§ What is being asked
Type out the records that follow, exactly as given.

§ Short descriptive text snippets

###

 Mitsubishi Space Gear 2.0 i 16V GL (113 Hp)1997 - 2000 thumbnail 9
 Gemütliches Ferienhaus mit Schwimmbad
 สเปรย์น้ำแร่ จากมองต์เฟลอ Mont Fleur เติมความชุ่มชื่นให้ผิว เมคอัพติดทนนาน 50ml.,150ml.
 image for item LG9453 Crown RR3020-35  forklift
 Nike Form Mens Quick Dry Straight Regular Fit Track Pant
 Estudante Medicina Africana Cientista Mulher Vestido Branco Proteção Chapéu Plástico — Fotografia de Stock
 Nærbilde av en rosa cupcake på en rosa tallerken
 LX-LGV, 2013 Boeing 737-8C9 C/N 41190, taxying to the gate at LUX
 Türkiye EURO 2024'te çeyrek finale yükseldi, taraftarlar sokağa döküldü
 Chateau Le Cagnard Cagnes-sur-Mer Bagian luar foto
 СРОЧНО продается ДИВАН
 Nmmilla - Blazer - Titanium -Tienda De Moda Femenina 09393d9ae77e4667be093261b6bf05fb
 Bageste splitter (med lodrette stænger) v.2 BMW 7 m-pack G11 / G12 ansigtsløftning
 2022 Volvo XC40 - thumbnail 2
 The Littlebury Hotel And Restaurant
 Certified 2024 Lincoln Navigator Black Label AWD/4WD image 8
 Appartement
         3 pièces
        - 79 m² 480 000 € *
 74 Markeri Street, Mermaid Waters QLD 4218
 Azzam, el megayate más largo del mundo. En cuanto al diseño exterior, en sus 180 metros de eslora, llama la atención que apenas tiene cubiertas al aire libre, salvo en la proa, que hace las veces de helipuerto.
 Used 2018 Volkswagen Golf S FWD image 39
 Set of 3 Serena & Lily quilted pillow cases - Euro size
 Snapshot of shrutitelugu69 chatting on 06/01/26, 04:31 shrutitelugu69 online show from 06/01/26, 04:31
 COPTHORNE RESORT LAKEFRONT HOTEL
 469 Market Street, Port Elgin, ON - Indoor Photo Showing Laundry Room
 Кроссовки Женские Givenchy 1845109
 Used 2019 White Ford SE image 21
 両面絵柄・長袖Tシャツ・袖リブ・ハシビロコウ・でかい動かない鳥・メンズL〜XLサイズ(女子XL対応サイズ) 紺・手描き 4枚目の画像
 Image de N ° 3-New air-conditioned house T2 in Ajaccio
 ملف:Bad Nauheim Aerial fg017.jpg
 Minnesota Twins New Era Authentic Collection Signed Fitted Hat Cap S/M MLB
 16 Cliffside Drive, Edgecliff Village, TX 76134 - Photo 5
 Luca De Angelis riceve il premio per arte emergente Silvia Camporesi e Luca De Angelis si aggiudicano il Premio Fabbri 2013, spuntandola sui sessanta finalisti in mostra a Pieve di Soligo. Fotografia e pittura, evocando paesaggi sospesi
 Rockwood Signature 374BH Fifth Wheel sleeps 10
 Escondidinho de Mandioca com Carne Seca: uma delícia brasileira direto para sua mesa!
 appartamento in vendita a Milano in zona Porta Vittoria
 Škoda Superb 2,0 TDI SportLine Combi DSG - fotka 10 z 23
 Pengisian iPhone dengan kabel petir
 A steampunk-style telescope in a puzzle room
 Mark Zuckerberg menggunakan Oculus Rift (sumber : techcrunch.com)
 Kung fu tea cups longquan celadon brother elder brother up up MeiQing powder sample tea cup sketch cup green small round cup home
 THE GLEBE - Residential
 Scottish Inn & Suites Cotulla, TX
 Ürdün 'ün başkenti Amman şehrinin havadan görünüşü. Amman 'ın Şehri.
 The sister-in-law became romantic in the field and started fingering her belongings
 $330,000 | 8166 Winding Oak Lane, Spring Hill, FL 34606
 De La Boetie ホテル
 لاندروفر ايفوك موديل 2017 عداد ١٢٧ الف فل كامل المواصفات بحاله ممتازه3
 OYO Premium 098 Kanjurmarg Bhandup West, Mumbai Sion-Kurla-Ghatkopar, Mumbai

###

§ Response to this exercise
 Mitsubishi Space Gear 2.0 i 16V GL (113 Hp)1997 - 2000 thumbnail 9
 Gemütliches Ferienhaus mit Schwimmbad
 สเปรย์น้ำแร่ จากมองต์เฟลอ Mont Fleur เติมความชุ่มชื่นให้ผิว เมคอัพติดทนนาน 50ml.,150ml.
 image for item LG9453 Crown RR3020-35  forklift
 Nike Form Mens Quick Dry Straight Regular Fit Track Pant
 Estudante Medicina Africana Cientista Mulher Vestido Branco Proteção Chapéu Plástico — Fotografia de Stock
 Nærbilde av en rosa cupcake på en rosa tallerken
 LX-LGV, 2013 Boeing 737-8C9 C/N 41190, taxying to the gate at LUX
 Türkiye EURO 2024'te çeyrek finale yükseldi, taraftarlar sokağa döküldü
 Chateau Le Cagnard Cagnes-sur-Mer Bagian luar foto
 СРОЧНО продается ДИВАН
 Nmmilla - Blazer - Titanium -Tienda De Moda Femenina 09393d9ae77e4667be093261b6bf05fb
 Bageste splitter (med lodrette stænger) v.2 BMW 7 m-pack G11 / G12 ansigtsløftning
 2022 Volvo XC40 - thumbnail 2
 The Littlebury Hotel And Restaurant
 Certified 2024 Lincoln Navigator Black Label AWD/4WD image 8
 Appartement
         3 pièces
        - 79 m² 480 000 € *
 74 Markeri Street, Mermaid Waters QLD 4218
 Azzam, el megayate más largo del mundo. En cuanto al diseño exterior, en sus 180 metros de eslora, llama la atención que apenas tiene cubiertas al aire libre, salvo en la proa, que hace las veces de helipuerto.
 Used 2018 Volkswagen Golf S FWD image 39
 Set of 3 Serena & Lily quilted pillow cases - Euro size
 Snapshot of shrutitelugu69 chatting on 06/01/26, 04:31 shrutitelugu69 online show from 06/01/26, 04:31
 COPTHORNE RESORT LAKEFRONT HOTEL
 469 Market Street, Port Elgin, ON - Indoor Photo Showing Laundry Room
 Кроссовки Женские Givenchy 1845109
 Used 2019 White Ford SE image 21
 両面絵柄・長袖Tシャツ・袖リブ・ハシビロコウ・でかい動かない鳥・メンズL〜XLサイズ(女子XL対応サイズ) 紺・手描き 4枚目の画像
 Image de N ° 3-New air-conditioned house T2 in Ajaccio
 ملف:Bad Nauheim Aerial fg017.jpg
 Minnesota Twins New Era Authentic Collection Signed Fitted Hat Cap S/M MLB
 16 Cliffside Drive, Edgecliff Village, TX 76134 - Photo 5
 Luca De Angelis riceve il premio per arte emergente Silvia Camporesi e Luca De Angelis si aggiudicano il Premio Fabbri 2013, spuntandola sui sessanta finalisti in mostra a Pieve di Soligo. Fotografia e pittura, evocando paesaggi sospesi
 Rockwood Signature 374BH Fifth Wheel sleeps 10
 Escondidinho de Mandioca com Carne Seca: uma delícia brasileira direto para sua mesa!
 appartamento in vendita a Milano in zona Porta Vittoria
 Škoda Superb 2,0 TDI SportLine Combi DSG - fotka 10 z 23
 Pengisian iPhone dengan kabel petir
 A steampunk-style telescope in a puzzle room
 Mark Zuckerberg menggunakan Oculus Rift (sumber : techcrunch.com)
 Kung fu tea cups longquan celadon brother elder brother up up MeiQing powder sample tea cup sketch cup green small round cup home
 THE GLEBE - Residential
 Scottish Inn & Suites Cotulla, TX
 Ürdün 'ün başkenti Amman şehrinin havadan görünüşü. Amman 'ın Şehri.
 The sister-in-law became romantic in the field and started fingering her belongings
 $330,000 | 8166 Winding Oak Lane, Spring Hill, FL 34606
 De La Boetie ホテル
 لاندروفر ايفوك موديل 2017 عداد ١٢٧ الف فل كامل المواصفات بحاله ممتازه3
 OYO Premium 098 Kanjurmarg Bhandup West, Mumbai Sion-Kurla-Ghatkopar, Mumbai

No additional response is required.